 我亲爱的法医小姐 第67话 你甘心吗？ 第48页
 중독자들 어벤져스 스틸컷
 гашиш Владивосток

--

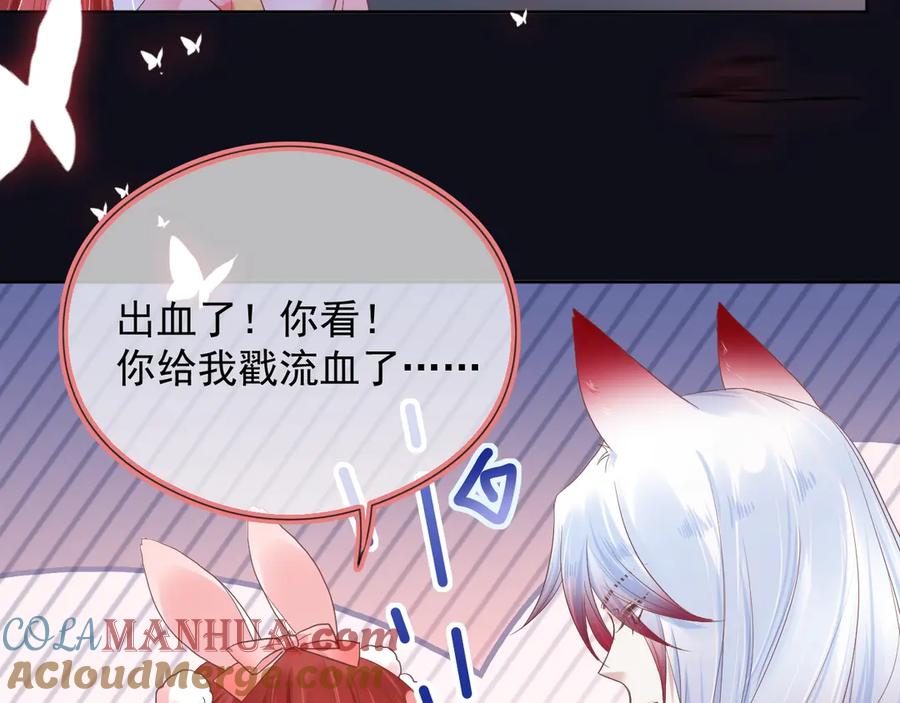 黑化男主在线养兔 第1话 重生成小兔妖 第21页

--

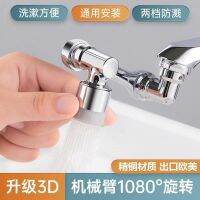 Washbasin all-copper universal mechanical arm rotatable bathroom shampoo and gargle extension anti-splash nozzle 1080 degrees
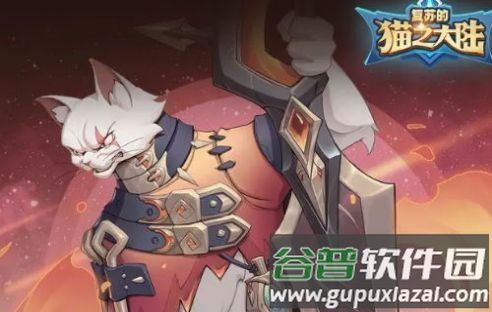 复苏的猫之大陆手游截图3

- WHAT THIS TASK INVOLVES -
Going back over the entries above, copy word for word every line from the one that has "我亲爱的法医小姐 第67话 你甘心吗？ 第48页" on through the one that has "гашиш Владивосток".

- RESPONSE AREA -
 我亲爱的法医小姐 第67话 你甘心吗？ 第48页
 중독자들 어벤져스 스틸컷
 гашиш Владивосток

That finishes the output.